Trailrunner7 writes "Researchers are warning about a new remotely exploitable vulnerability in 64-bit Windows 7 that can be used by an attacker to run arbitrary code on a vulnerable machine. The bug was first reported a couple of days ago by an independent researcher and confirmed by Secunia. In a message on Twitter, a researcher named w3bd3vil said that he had found a method for exploiting the vulnerability by simply feeding an iframe with an overly large height to Safari.
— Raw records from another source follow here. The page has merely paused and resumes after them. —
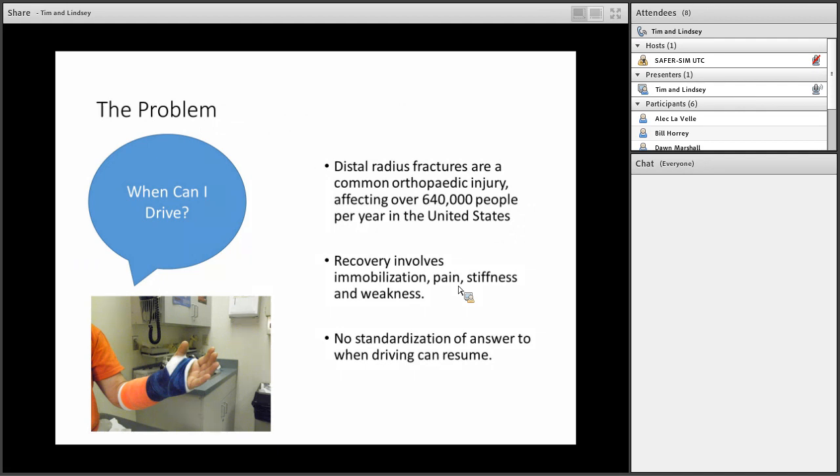The problem we're addressing is: when can people return to driving after distal radius fractures? They are an extremely common orthopedic injury, affecting over 640,000 people per year in the United States and accounting for up to 2.5% of all ER visits. There are multiple treatment options, both operative and non-operative, but recovery always involves a period of immobilization, activity limitation, and typically pain, stiffness, and weakness. At some point during recovery, surgeons are always asked, 'When can I return to driving?'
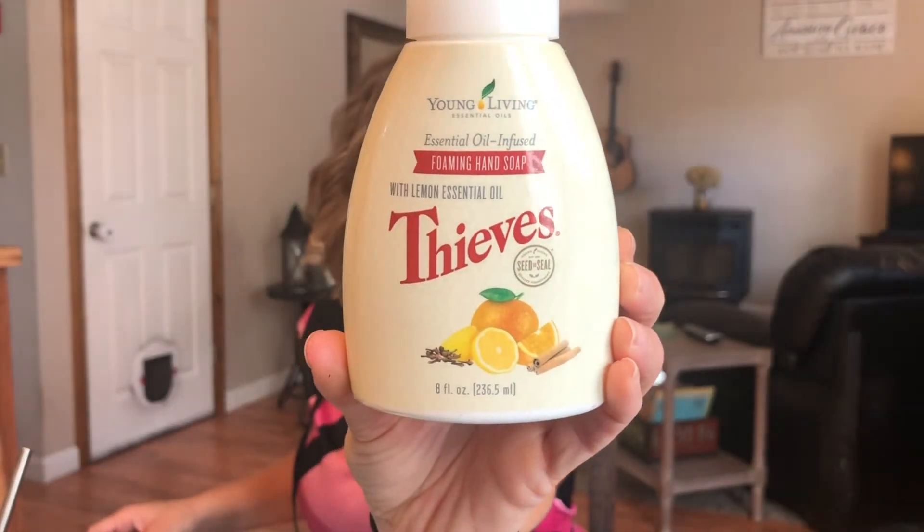Of course, the actual Thieves essential oil — if you've seen any of my other videos, this is the MVP, my desert island oil. It's good for everything. Look at all the products I've shown you — they're all built around this oil. It's great for keeping your immune system up, for cleaning, for getting rid of germs, and just keeping you healthy.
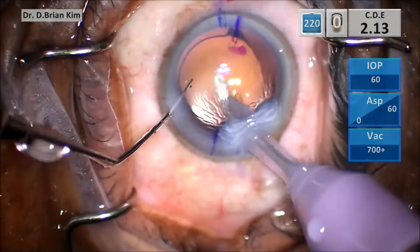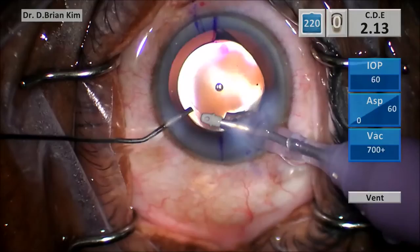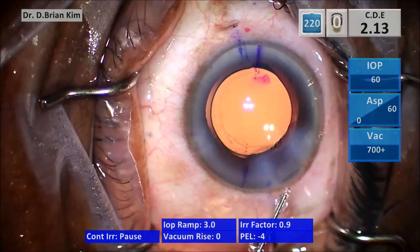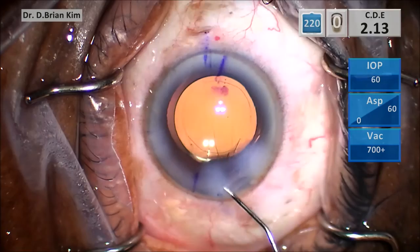The irrigation handpiece keeps the capsular bag taut. Another tip I like to share: I use my cannula to keep the anterior chamber stable so there's not much trampolining of the anterior chamber when I withdraw the I/A handpiece. I use my BSS cannula to keep that chamber nice and stable. As you can see, there is perfect alignment of the toric hashes along my corneal markings. This is my technique for toric IOL placement and positioning — thank you for your attention.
The exploit gives the attacker the ability to run arbitrary code on the victim's machine."

Does anyone read anymore?

[mwfischer]

It's a Safari bug that happens to be run on Windows.

As much as I would like to see Microsoft go down in flames, it's a Safari bug.

Re:Does anyone read anymore?

[rubycodez]

Don't you read anymore? "The vulnerability is caused due to an error in win32k.sys and can be exploited to corrupt memory". This is Microsoft buggy code causing issue, Safari problem is merely one way to cause rooting of machine, other softwares using this service will undoubtedly provide more cases.

Re:Headline.. Flaw in APPLE Safari for windows fou

[rubycodez]

article text: "The vulnerability is caused due to an error in win32k.sys and can be exploited to corrupt memory". It is Microsoft's usual sloppy coding and lax security being the root cause of making safari problem possible.